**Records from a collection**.
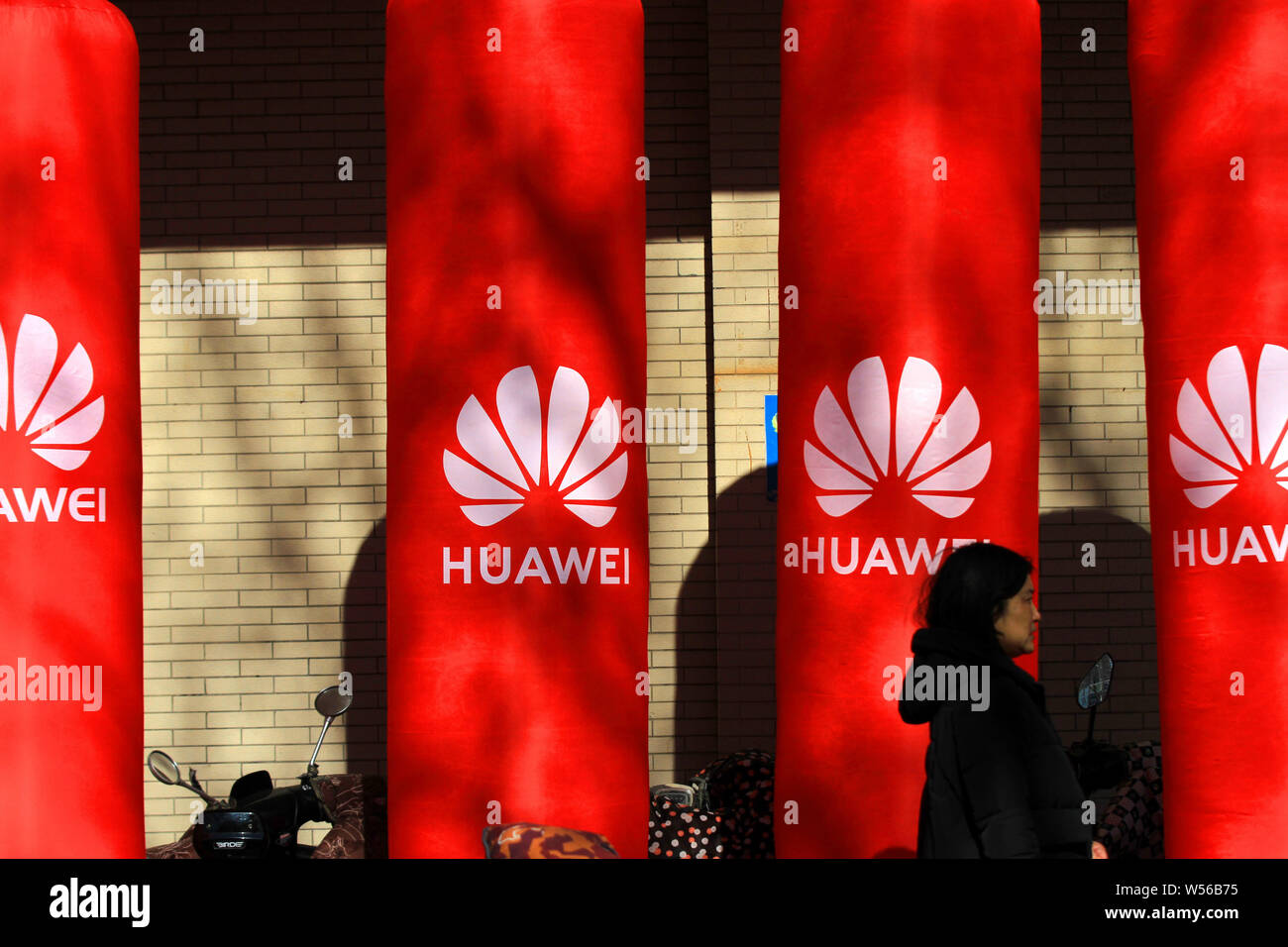 --FILE--Pedestrians walk past an advertisement for Huawei in Huai'an city, east China's Jiangsu province, 26 January 2019.   Huawei Technologies said Stock Photo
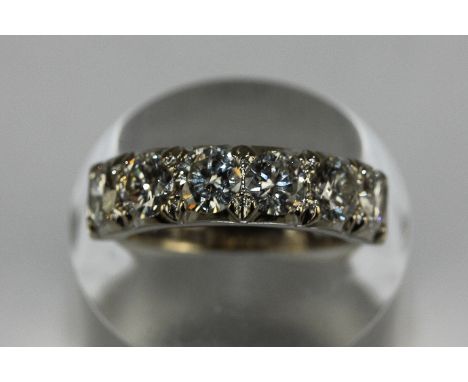 A diamond five stone half hoop ring, shared claw set with uniform round brilliant cuts in 18ct white gold 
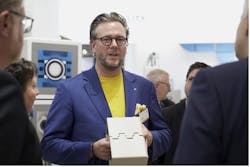Philip Harting, CEO of the HARTING Technology Group, used a model to present the functionality of the Han-Modular&circledR; Domino modules to the attending trade fair audience.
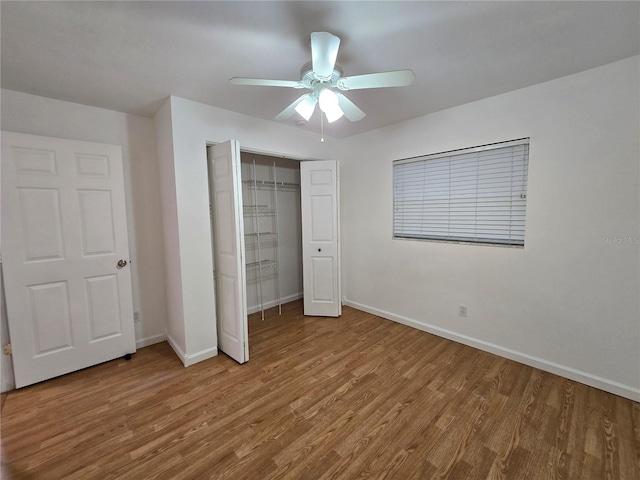 unfurnished bedroom featuring ceiling fan, wood-type flooring, and a closet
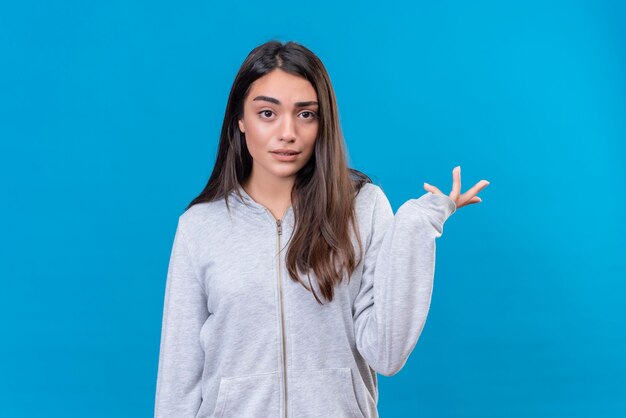 Menina linda em um casaco cinza com capuz olhando para a câmera com uma expressão instável em pé sobre um fundo azul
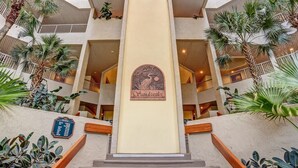 A multi-level atrium with a central column featuring a 'Sandcastles' sign, surrounded by palm trees and a blue plaque on the left. - Breathtaking View of the Atlantic Ocean & Beach (Fernandina Beach)
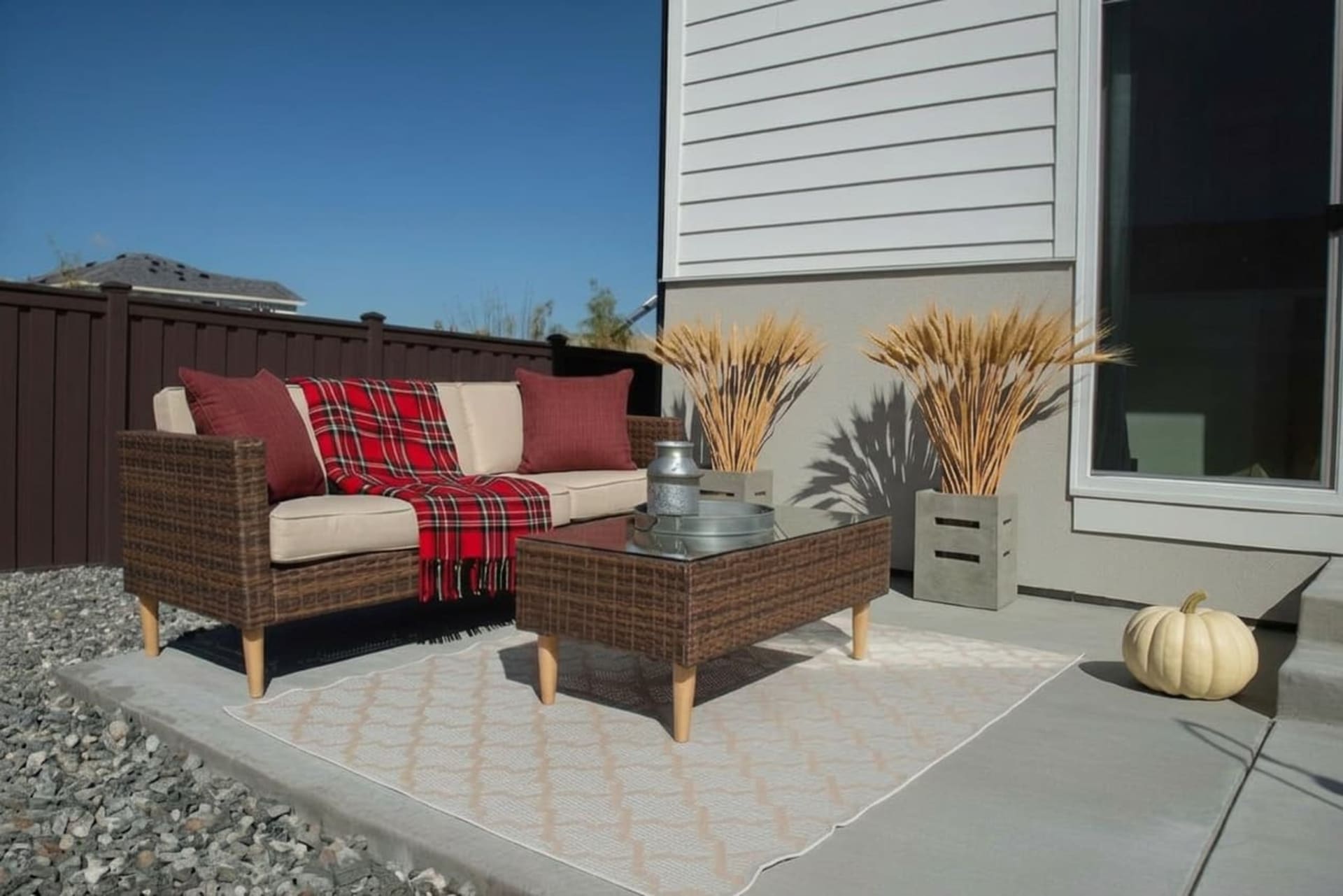 The San Bruno Patio Set staged on an open front porch with red-toned fall decor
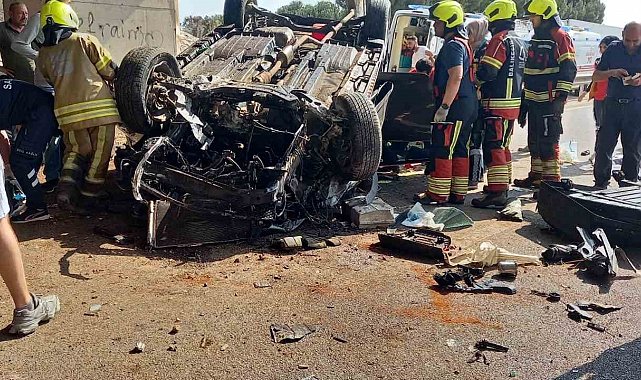 Takla atan otomobilde sıkışan 2 kişiyi itfaiye kurtardı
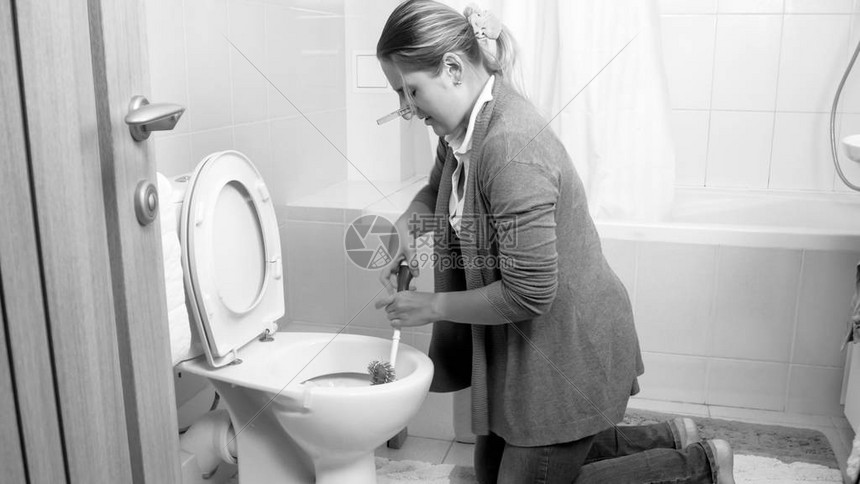 年轻家庭主妇用刷子清洗马桶的黑白图像图片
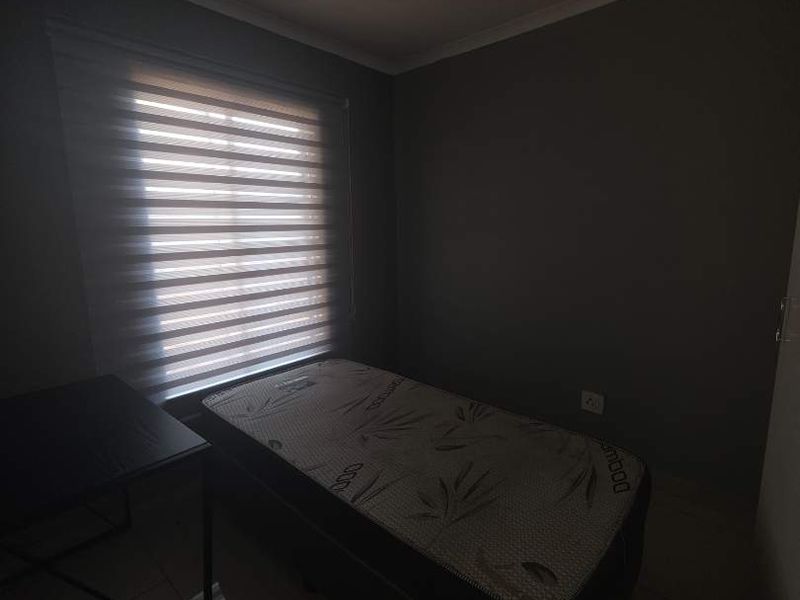 A bedroom featuring tiled flooring, roller blinds, and a ceiling light fixture, providing a functional space with neutral wall tones.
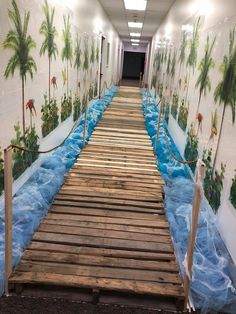 a long wooden walkway that is painted with blue water and palm trees on the wall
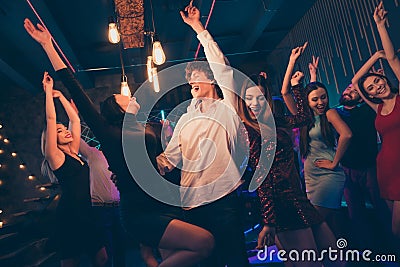 Portrait of positive cheerful couple visit event party dance feel wild crazy rejoice enjoy weekends nightlife event have Stock Photo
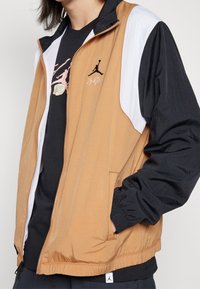 Kevyt vetoketjullinen takki ruskeana, mustana ja valkoisena. Ominaisuuksiin kuuluu joustavat hihansuut, sivutaskut ja musta Jumpman-logo rinnassa.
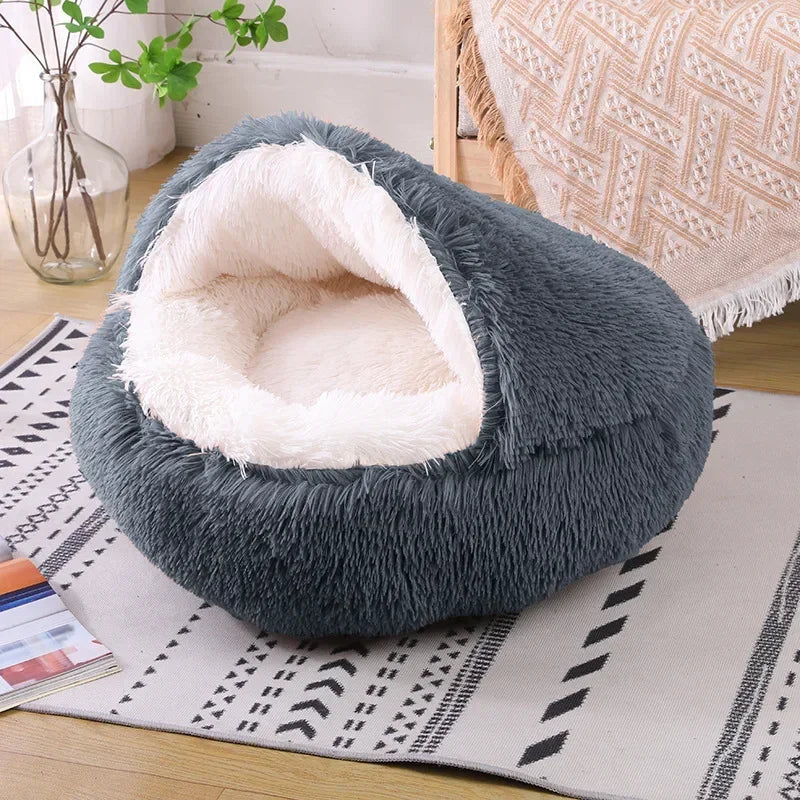 A cozy Plush Round Cat Bed in gray, brown, and pink colors, designed for comfort with a soft plush material, perfect for cats to relax and sleep.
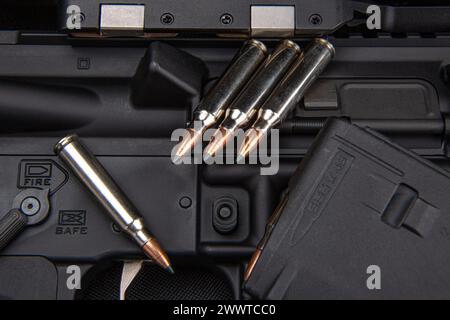 Nahaufnahme von .223 Karabinkartuschen. Geladener Waffenclip. Waffen im Hintergrund. Stockfoto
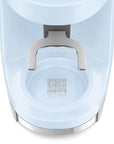Close-up of a coffee grinder with a QR code label on a white background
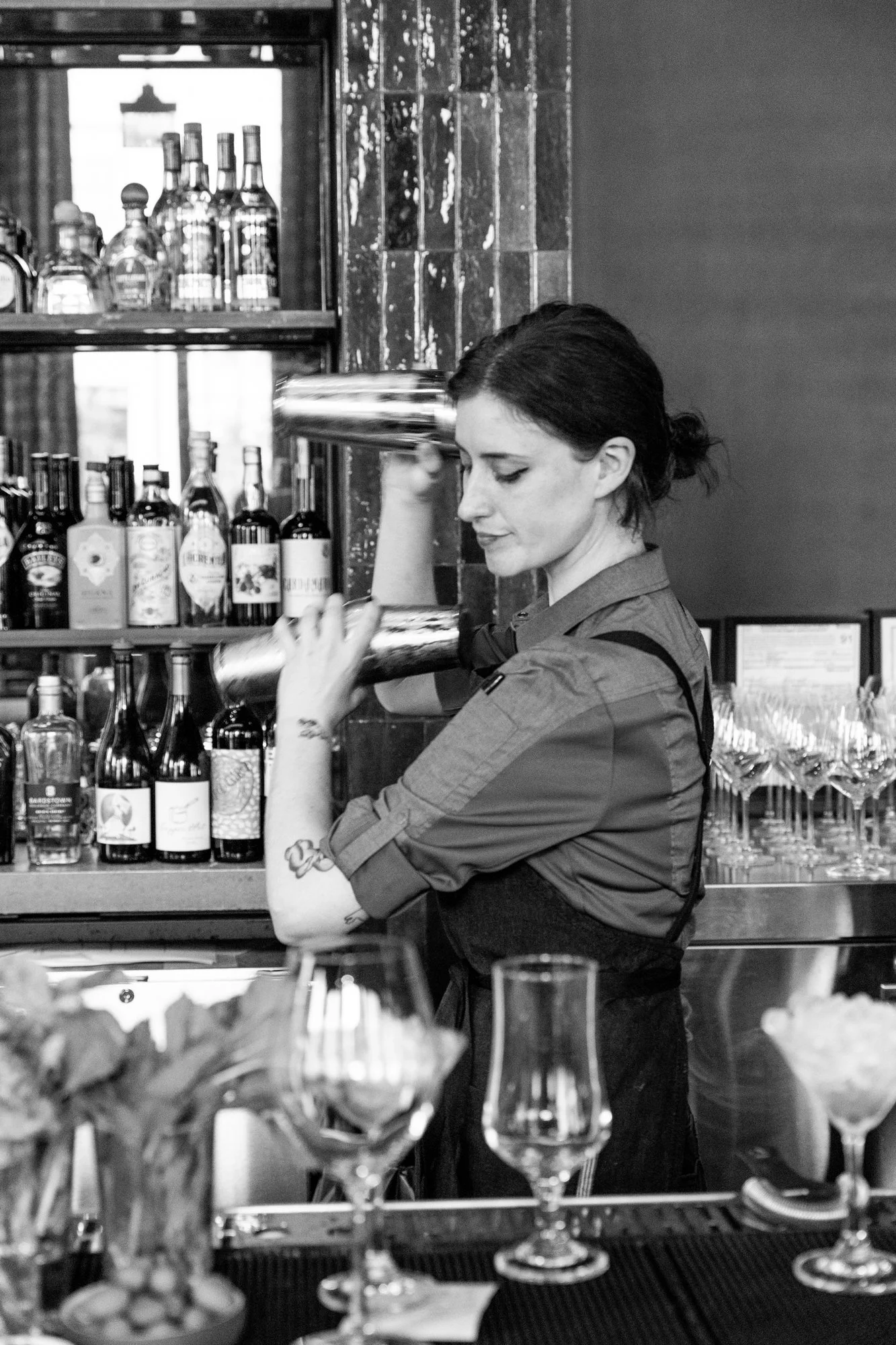 A female bartender with dark hair tied back, wearing a rolled-up long sleeve shirt, is pouring a drink into a cocktail shaker behind a bar filled with wine bottles, glasses, and garnishes in a restaurant or bar setting.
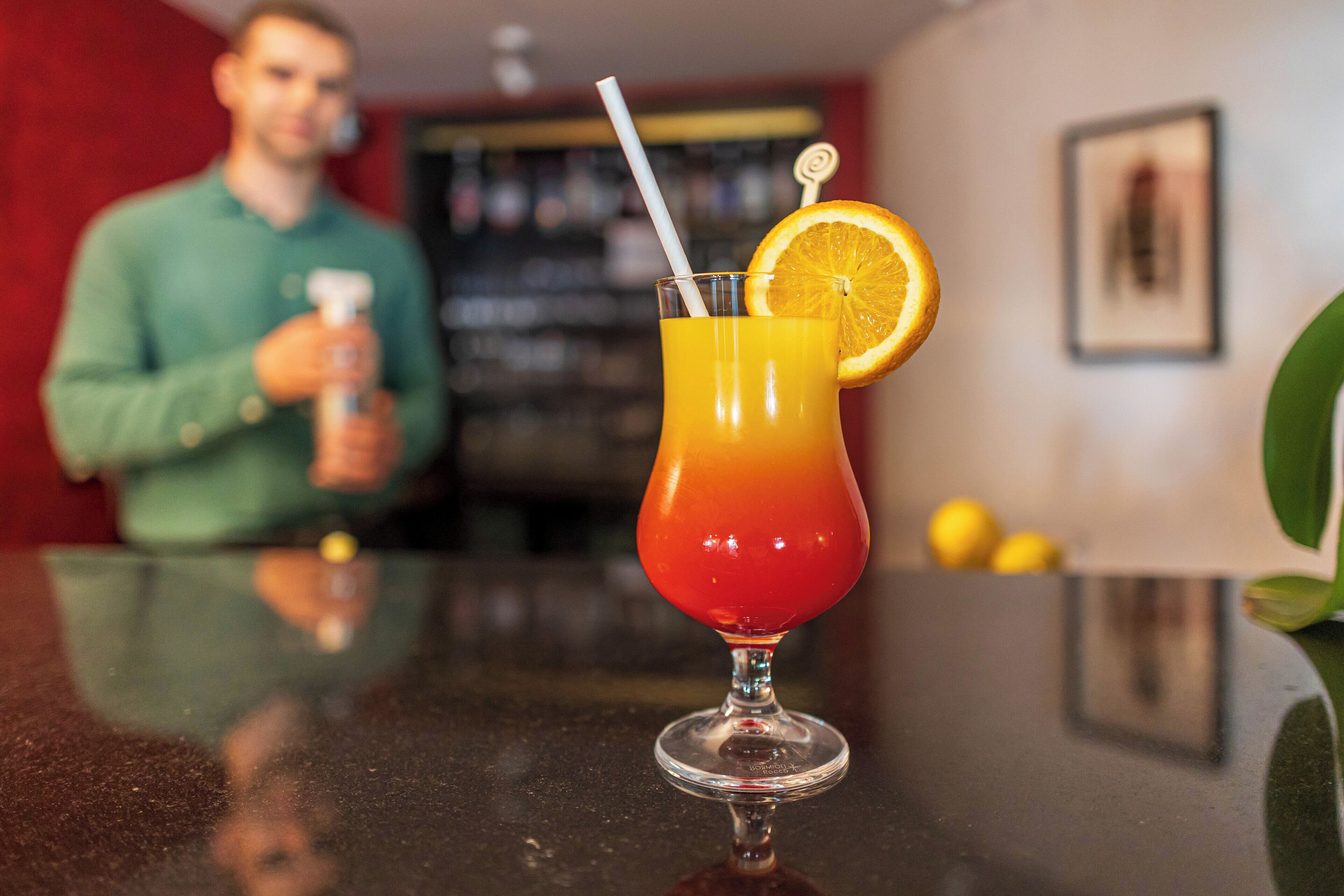 Una copa de cóctel con colores degradados, una pajita y una rodaja de limón sobre una superficie reflectante.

**What needs to be done**.
Repeat exactly the lines above, from the line that contains "Kevyt vetoketjullinen takki" down through the line that contains "Close-up of a". Include both of those lines and none of the pictures.

**Exercise output**.
 Kevyt vetoketjullinen takki ruskeana, mustana ja valkoisena. Ominaisuuksiin kuuluu joustavat hihansuut, sivutaskut ja musta Jumpman-logo rinnassa.
 A cozy Plush Round Cat Bed in gray, brown, and pink colors, designed for comfort with a soft plush material, perfect for cats to relax and sleep.
 Nahaufnahme von .223 Karabinkartuschen. Geladener Waffenclip. Waffen im Hintergrund. Stockfoto
Close-up of a coffee grinder with a QR code label on a white background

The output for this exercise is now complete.